Call for “Red Cross for heritage”to protect cultural property

As Islamic State militants continue to wreak havoc on cultural property in the Middle East, members of the House of Lords are calling for the establishment of a “Red Cross for heritage” in London.

During a debate on 14 January, Baroness Andrews asked the government what it planned to do with a new £30 million fund to support the work of cultural property protection in areas of armed conflict. One proposal is to use part of the fund to set up an international headquarters for the International Committee of the Blue Shield (ICBS) in London. Formed in 1996 and described as the “cultural equivalent of the Red Cross”, the ICBS works for the protection of world cultural heritage threatened by natural and man-made disasters.
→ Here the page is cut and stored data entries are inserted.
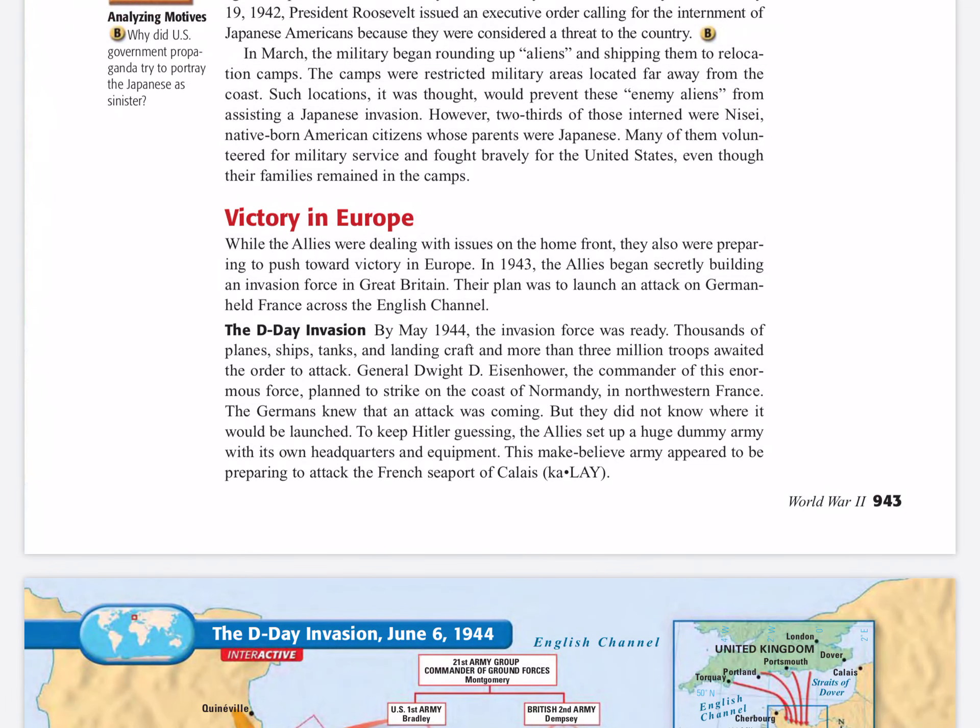Hello again, social studies class. We're going to continue today reading about the march to the Allied victory during World War II. We're going to talk about some very famous battles in both Europe and in the Pacific Campaign. We're going to start with the victory in Europe.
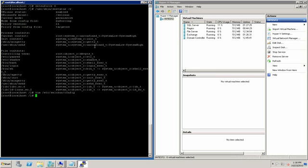I've already gone ahead and opened port 80 on the firewall so we can skip that step. Now we can go on to installing the packages that we need for Nagios to work.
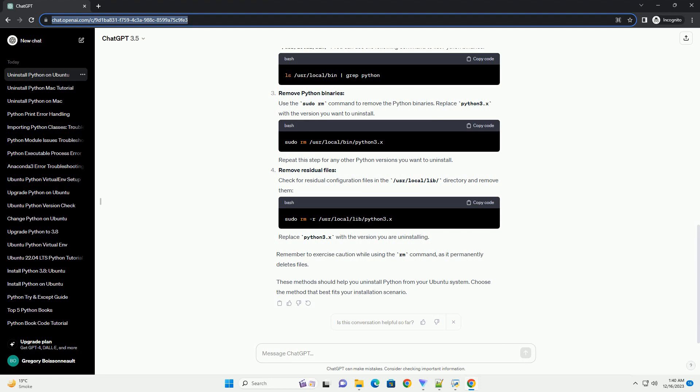Remove Python using apt. Use the following command to uninstall a specific Python version. Replace Python 3.x with the version you want to remove. If you want to remove all installed Python versions, you can use.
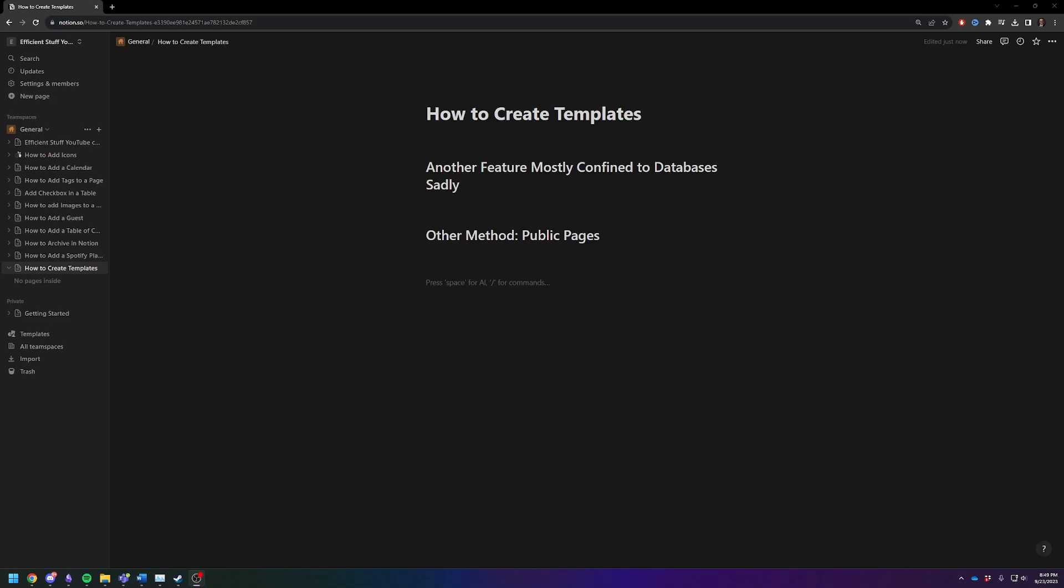Hey there, Adam here. Today I'm going to show you how to quickly and efficiently create templates that you can use inside of your Notion workspace.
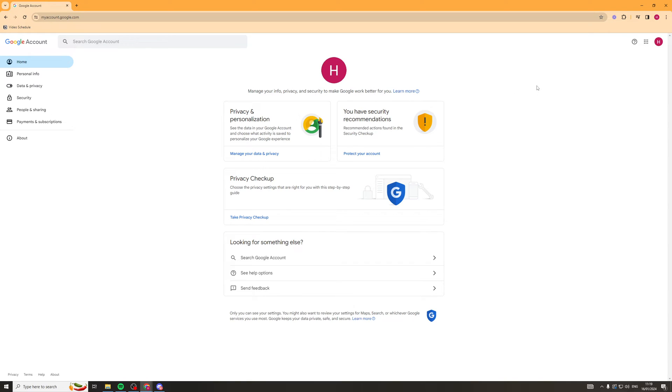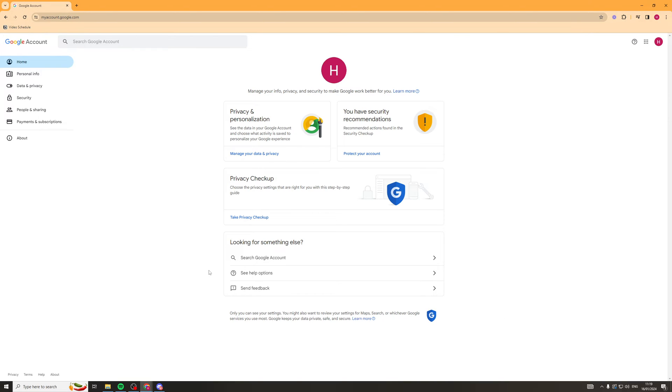First of all, what we need to do is go onto Google Chrome or another browser that we're logged in with our email with. We need to go to this domain here, which is myaccount.google.com. Once you've put that into your browser, you should be greeted with a page that looks just like this.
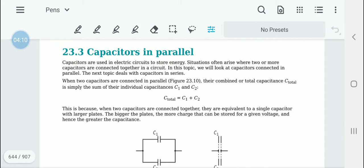Now we are going to go into capacitors in parallel. After we discuss this we will write the note on the practical experiment as well. We know that capacitors are used in circuits to store small amounts of energy. Sometimes it is required to connect two or more capacitors together — they can be connected either in parallel or in series. Here we will first discuss parallelly connected capacitors.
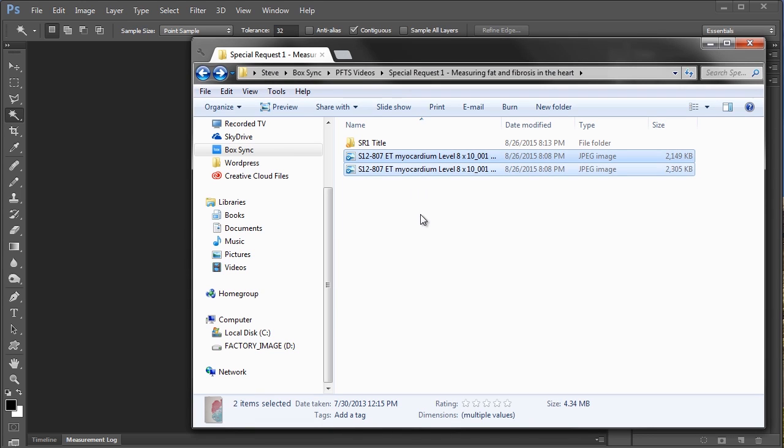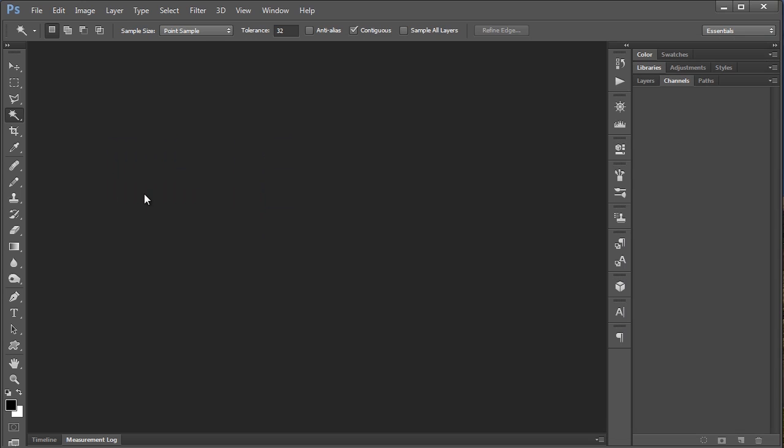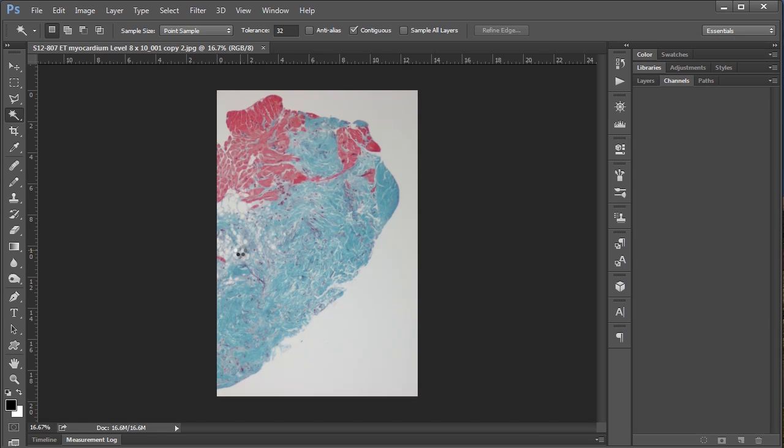Sometimes when you're taking light microscopy images of a histological section, you may find that the section is too big for a single field of view. So you have to take a couple of images which you're going to want to combine into a composite later on. Which is exactly what I have here and in this case just two images. So I'm just going to take these two images and drag them into Photoshop.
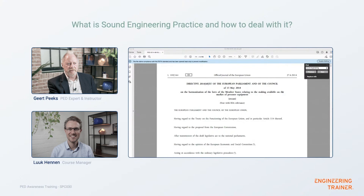So Geert, we regularly get questions related to sound engineering practice, a term used in the Pressure Equipment Directive. Before we dive in, let me briefly show where in the Pressure Equipment Directive this term is used, and then let us take some time to discuss what this means and how engineers should actually deal with this.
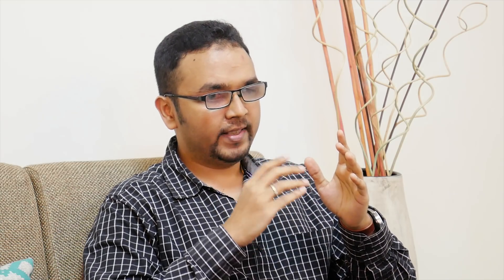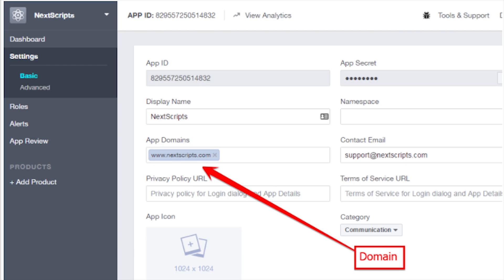Then go to Settings and click on Add Platform. Select Website as the platform, enter your domain name, your site URL, and enter a privacy policy. Also fill in your contact email address so people can reach you if they have problems with your app. Pro tip: make sure you know the difference between www.domain.com and domain.com.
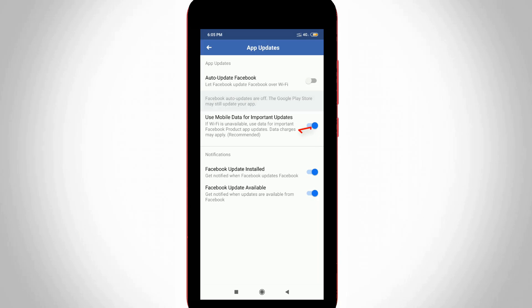And the same way, you can click to disable this second option Use Mobile Data for Important Updates, because this also saves your mobile data.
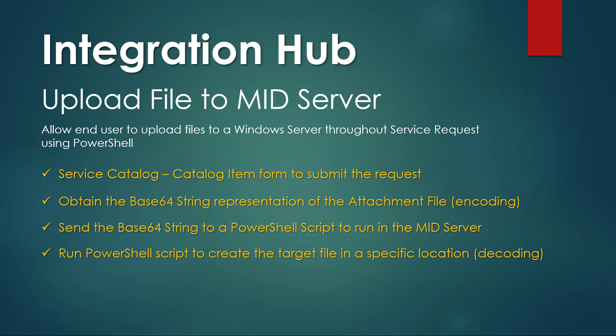Hi, it's Oscar. Welcome to another Know How for ServiceNow. This time you're going to learn how to allow end users to load files to a Windows Server throughout service requests using Integration Hub and PowerShell.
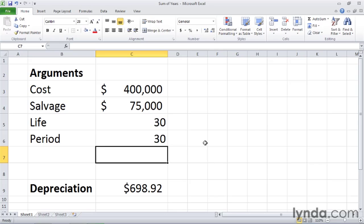If you want to use the sum of years depreciation method, you can use the SYD function. You only need these four arguments, and you can calculate the depreciation values you need.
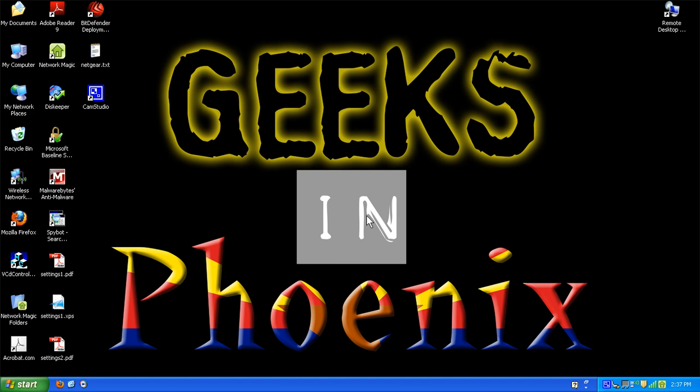So this and other geek tips are available over at geeksatphoenix.com. Just click on the geek tips tab on the menu and find a whole bunch more over there. Till next time.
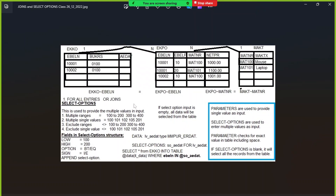Looking at this example, we are selecting EBLN, company code, and AEDAT (created date). The join condition between EKKO and EKPO is: EKKO-EBLN equal to EKPO-EBLN. The join condition between EKPO and MAKT is: EKPO material number equal to MAKT material number. There is a common field between each table: EBLN between EKKO and EKPO, and material number between EKPO and MAKT, where material number is the primary key in MAKT.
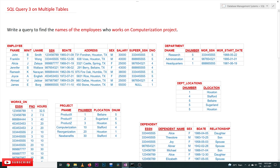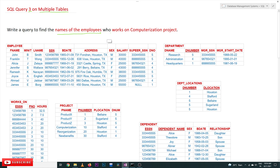Hi, welcome to Learning Manthi. I am Vikram. In this class we will try to understand SQL Query 3. So far we have covered two queries on multiple tables. If you haven't watched our previous videos, it's very important for you to watch them, as we assume you are watching continuously. The query is: write a query to find the names of the employees who work on the Computerization project.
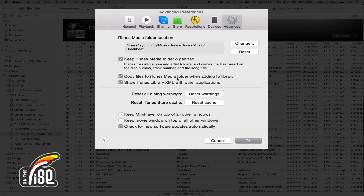'Copy Files to iTunes Media Folder When Adding to Library' — this is a great one to check. If you buy music on Beatport, just drag it from Finder straight into iTunes and it'll automatically make a copy. If a producer gives you tracks on a USB, drag them into iTunes and it'll copy them so you don't need to manage them on your hard drive.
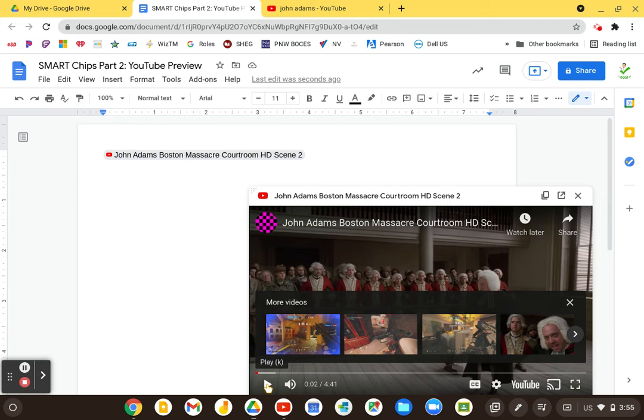So that's Smart Chips Part 2, a YouTube Preview right inside your Google Docs.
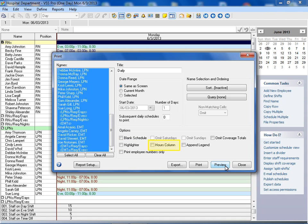Select the total hours column option to add a total hours column at the far right side of the report. The total hours column totals the number of hours each person has been scheduled for the selected date range only.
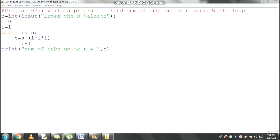The innermost function is used to read the value from the keyboard. First it will display the message 'enter the n value' and at the end of this message, backslash n automatically moves the cursor to the next line. It is waiting for your input. My input is 5. It will be treated as a string, so you should convert it to integer using the outermost int() function, then assign it to n.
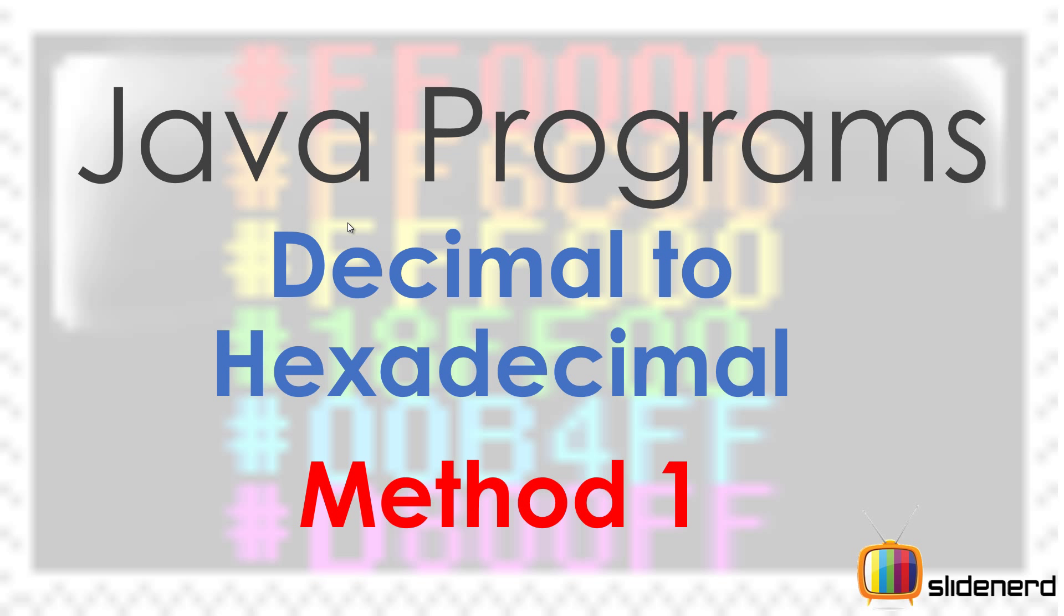From SlideNerd, this is Veeves. Hello folks. In this video, I am going to convert a decimal number into a hexadecimal number.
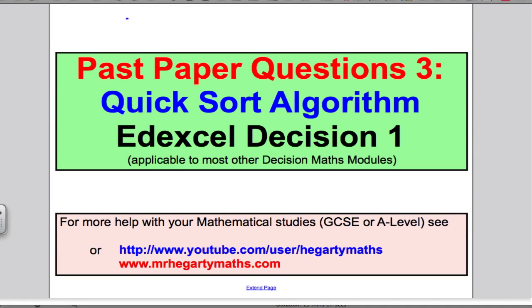Welcome to another video. This is past paper questions on the quicksort algorithm in the Edexcel Decision 1 maths A-level module. This revision will be useful for most Decision 1 maths modules. For any more help on your maths studies, GCSE or A-level, please see my YouTube channel, Hegarty Maths, or my website.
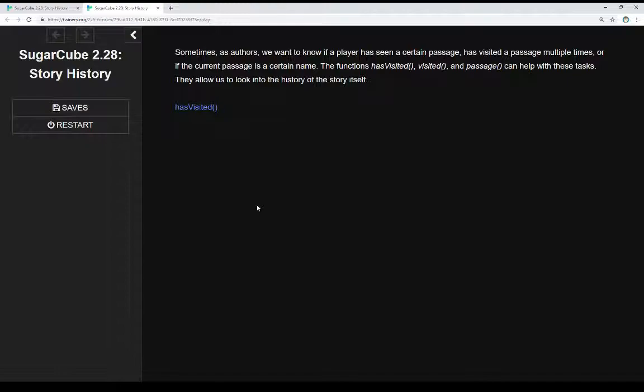The functions hasVisited, visited, and passage can help us with this. They allow us to look into the history of the story itself, how the player is progressing, and allow us to do different comparisons and tests to see if certain passages have been visited, if they've been visited multiple times, and to check what the name of the current passage is.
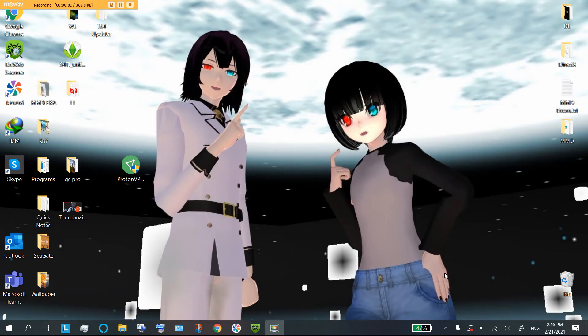Hey guys, WolfieChines here. Today we're going to be installing MMD effects.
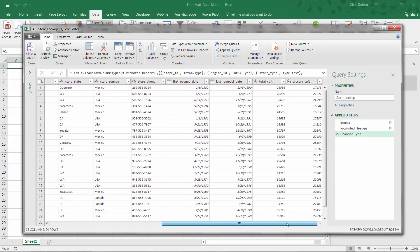Scrolling through phone numbers, text, which is good. Open date, remodel date, both dates. And we've got two numerical fields that are whole numbers. So this all looks good.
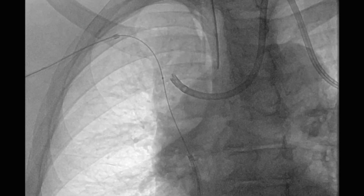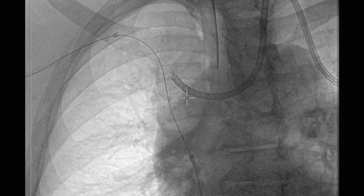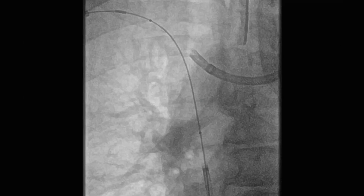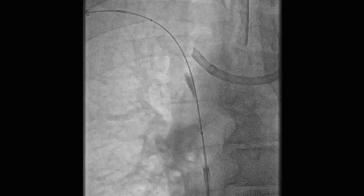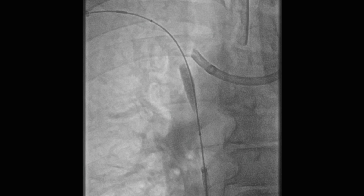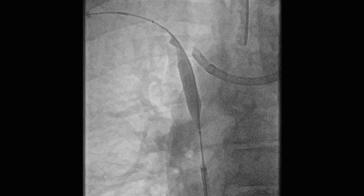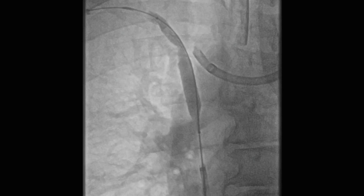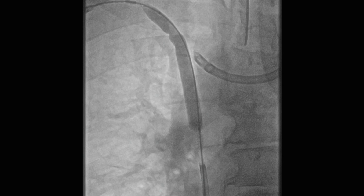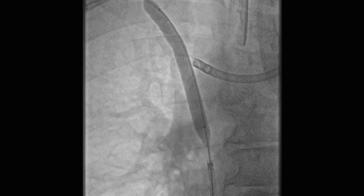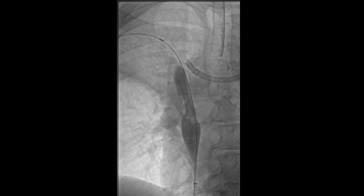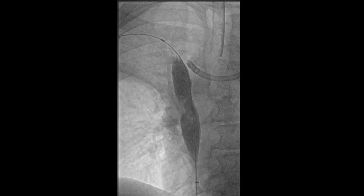Once we had completed that, we exchanged the soft-angle glide wire for an Amplatz wire to give us more support, and proceeded to perform angioplasty of the previously occluded segment, initially with an 8-millimeter balloon, which was then upsized to a 12-millimeter balloon, and then a 16-millimeter balloon.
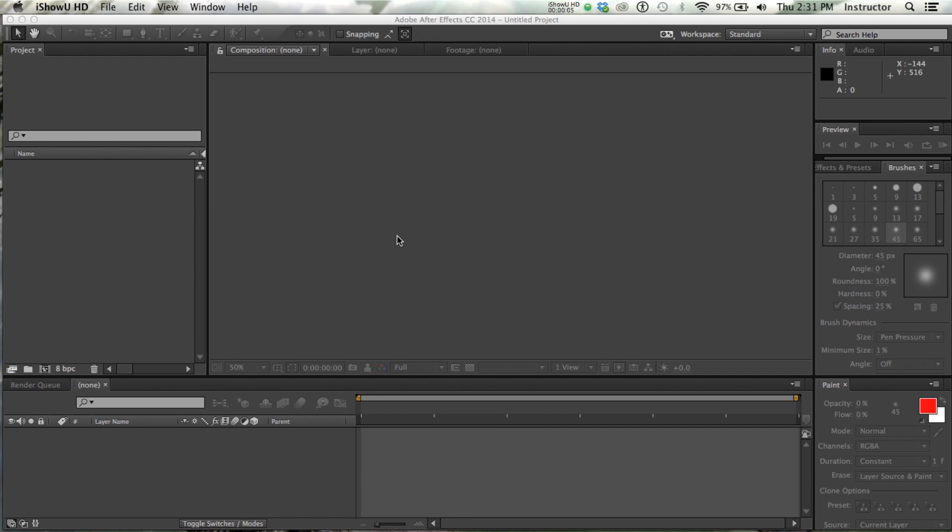Today we're going to begin working on making the classic animation exercise, a bouncing ball. And I want to introduce you to a couple of other new features.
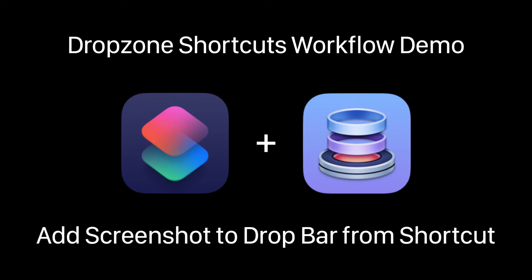Hey, so I want to give you a quick demo of a new feature that's been added to Dropzone around its integration with shortcuts.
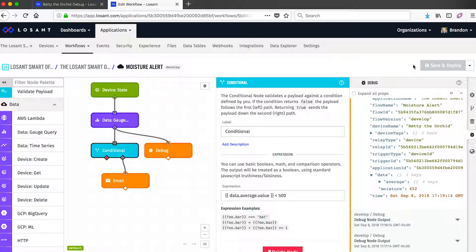This completes the moisture notification workflow. What we've built is a workflow that triggers any time our device reports sensor information, then queries LoSant's time series database for the average over the last 15 minutes, and checks that average against a condition in order to generate an alert — in this case, an email.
Baroness Andrews also asked the government when it would finally ratify the Hague Convention for the Protection of Cultural Property in the Event of Armed Conflict. The convention ask states to commit themselves to safeguarding cultural property from the consequences of possible armed conflicts. The UK government signed the convention in 1954 but it remains the only permanent member of the United Nations Security Council yet to ratify it. One suggestion for the government’s inertia is a concern that it could lead to renewed calls for the return of the Elgin Marbles to Greece.

With the ongoing destruction and looting of cultural property in the Middle East, Baroness Andrews said it was high time the UK formalised its commitment to the convention:

“What we have today… is a growing sense of urgency, which has been underlined by the grotesque failures in Iraq and is now fuelled by the increasing barbarity in Syria. The events of the past six months have… have made the effective application of the convention more urgent than ever.”

Other members of the House of Lords were not as careful to conceal their frustration with the government’s inaction. Lord Howarth of Newport said:

“It is extraordinary that we are still having to hound the government in Parliament to ratify the convention… This is much more than cultural outrage, yet Her Majesty’s government appear to be pussyfooting in the face of this problem.”

In response, the government declined to outline a definitive timetable for ratification.